Ich glaub das liegt daran, dass andern Hunde in diesem Kurs alle dauernd Leckerli kriegen, die sie immer unglaublich schnell herunterschlucken. Ich habe die verschiedenen Leckerli-Döschen und Beutel natürlich gewittert. Die haben Cervelat, Käse und sonst spannende Sachen darin. Ich kriege beim Üben manchmal Trockenfutter aus dem Hosensack, ich mag das sehr gerne und kaue dass dann genüsslich. Vor allem werde ich aber immer ausgiebig gelobt und geknuddelt wenn ich etwas richtig mache. Das dauert halt dann etwas länger bis wir zur nächsten Übung parat sind. Macht ja nichts, meistens wird sowieso immer auf irgend was gewartet.

Ich glaube meine Zweibeinerin passt darum manchmal auch nicht so recht auf. Das letzte mal hätten wir die Schleppleine kennen lernen sollen und jeder von uns Vierbeinern kriegte eine angelegt. Diese Schulschleppleinen haben aber eine Schlaufe am Ende, und die hätte meine Zweibeinerin halten sollen, damit ich in 5m Distanz von Ihr spazieren gehen soll. Die hat das nicht kapiert und mich die Schleppleine alleine schleppen lassen. Ich versteh langsam warum die Zweibeiner einen Fähigkeitsausweis kriegen und nicht wir Vierbeiner.

Es hat sich aber in meinem Leben schon einiges geändert seit ich grösser bin:
Zweibeiners haben das Weidegitter im Garten entfernt und ich kann nun im ganzen Garten rumrasen . Sie haben dafür sogar den ganzen Hang gemäht. Ich finde die Wiese und den Garten im Herbst sehr spannend, es gib nämlich Fallobst. Äpfel fresse ich gerne, aber einmal habe ich einen Teil einer Birne gefressen, von der kriegte ich dann Dünnpfiff, die lass ich wohl lieber am Boden liegen. Es gibt auch Mandeln zum spielen, die kullern so schön rum, schmecken aber gar nicht. Zweibeiners sammeln die Kerne, mit denen kann man aber nicht recht spielen, ich weiss nicht was die damit machen. Im Gemüsebeet unten gibt es kleine rote Tomaten, die sind auch nicht schlecht. Wenn ich ganz sorgfältig draufbeisse spritzt es mir in die Schnauze. Nur bei den Trauben wird immer „Nein“ gebrüllt, die seien giftig sagen die dann. Zweibeiners und die Spatzen sehen aber ganz gesund aus?

Im grossen Garten gibt es auch Hecken und Gebüsch. Zweibeiners haben dort rumgesägt und ich habe nachher beim Aufräumen viel geholfen und Stecklein herumgetragen und fleissig geschreddert. Ich habe nun eine grosse Auswahl an schönen mundgerechten Stücken vor dem Haus. Die frischen Äste lassen sich nicht schreddern, die feuchten Weidenäste lassen sich super schälen und beknabbern. Zweibeiners meinten ich krieg bei meiner Aspirinkur garantiert keine Erkältung.

Kürzlich habe ich es geschafft die aufdringliche Katze zu verjagen. Die sass einfach stinkfrech in meiner schönen frisch gemähten Wiese und hat mich angeglotzt. Schön blöd, dort hab ich sie sofort durchs Fenster gesehen. Naja meine Zweibeinerin hat mir Rückendeckung gegeben, als ich wegen dem Eindringling unbedingt hinaus wollte, aber geknurrt habe ich ganz allein.

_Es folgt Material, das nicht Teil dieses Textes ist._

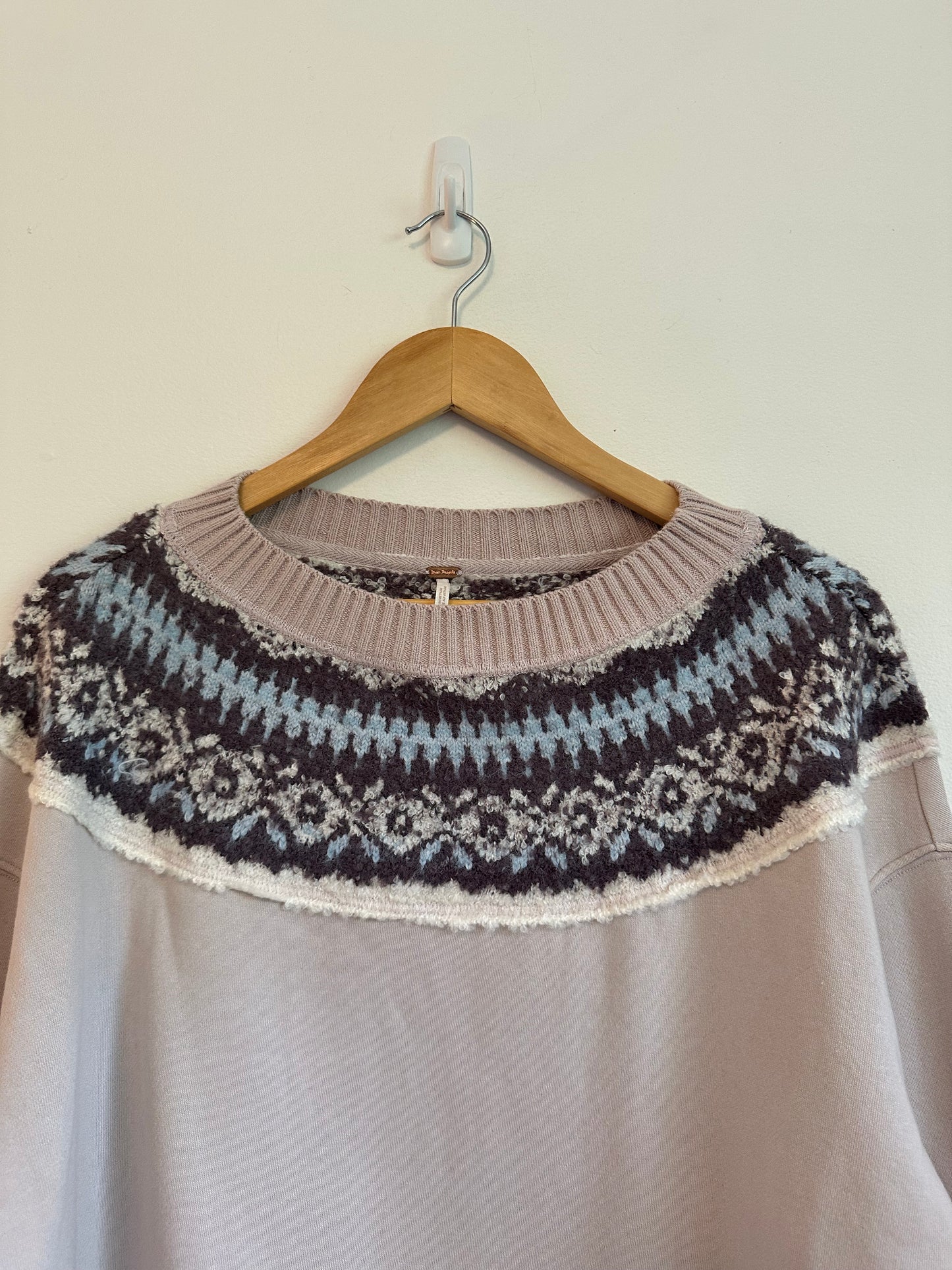 Free People Chilly Sweatshirt in Hushed Violet Combo | Size XS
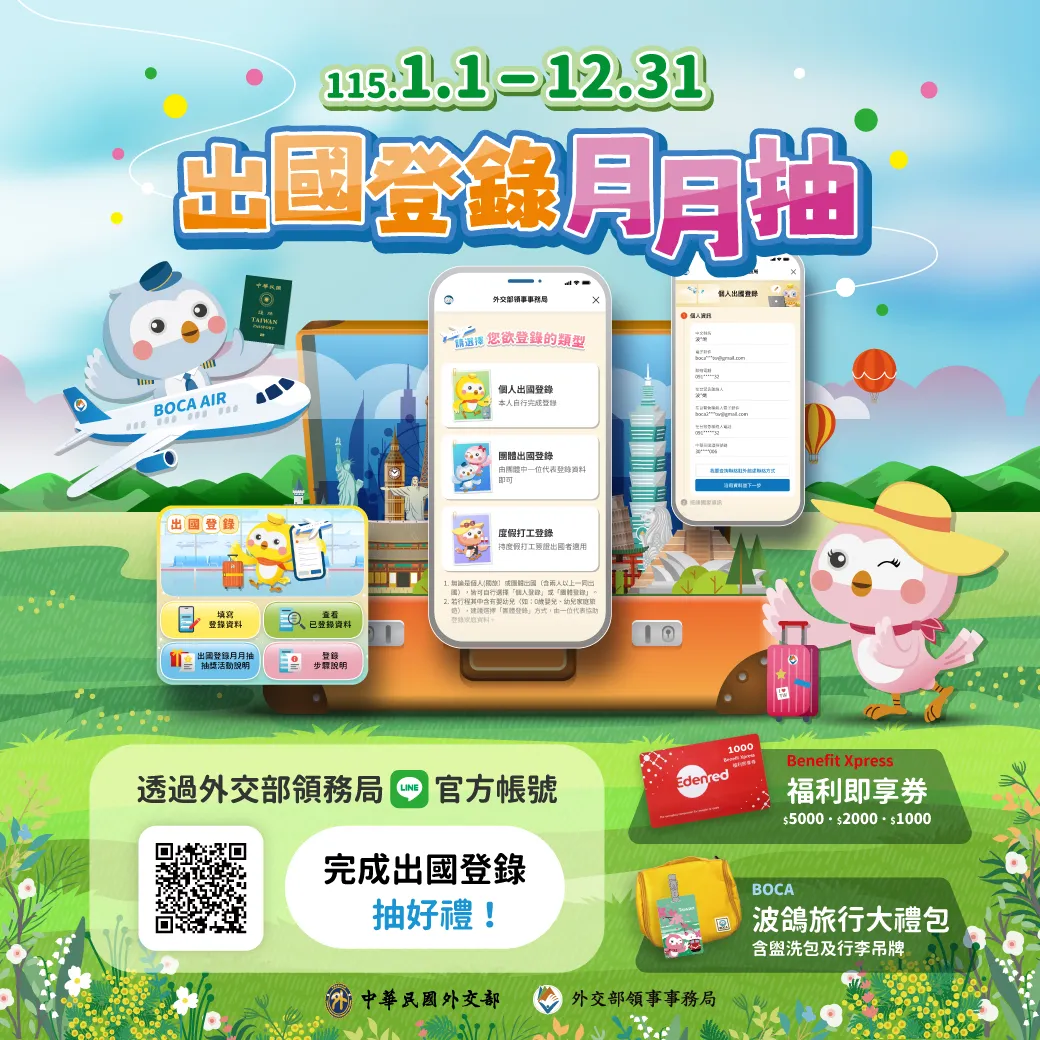 出國登錄月月抽活動懶人包。(圖/取自外交部官網)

Sonst ignoriere ich alle Viecher brav, nur die frechen jungen Spatzen reizen mich manchmal zu einem kurzen Galopp. Letzthin wollte doch einer meinen harten Brotzipfel bepicken. Also ehrlich, das muss man sich doch von diesen fremden Viechern nicht bieten lassen.

Als Junghund habe ich nun ein schön gelbes Profi Apportierdummy, das nicht nass wird, ein schickes Sportgstältli und eine orangen Schleppleine. Mit dieser Ausrüstung erkunden wir nun ausgiebig den Wald: Bächlein, Schlamm, Löcher, Pilze, Baumstrünke... Ich untersuche alles und klettere auf die meisten Strünke am Weg. Ich habe ja schon im in Krefeld gelernt, dass man von der erhöhten Lage einen viel besseren Überblick hat. Und ich kann dann mit Zweibeiners besser kommunizieren – ich muss so beim Besprechen des weiteren Vorgehens nicht so weit hinauf schauen. Die Strünke sind hier manchmal recht schwierig zu erklettern, aber ich kann immer besser klettern und finde auch meist den versteckten Futterdummy oder das Trockenfuttermöckli, das Zweibeiners immer an schwierigeren Orten und immer höher oben verstecken.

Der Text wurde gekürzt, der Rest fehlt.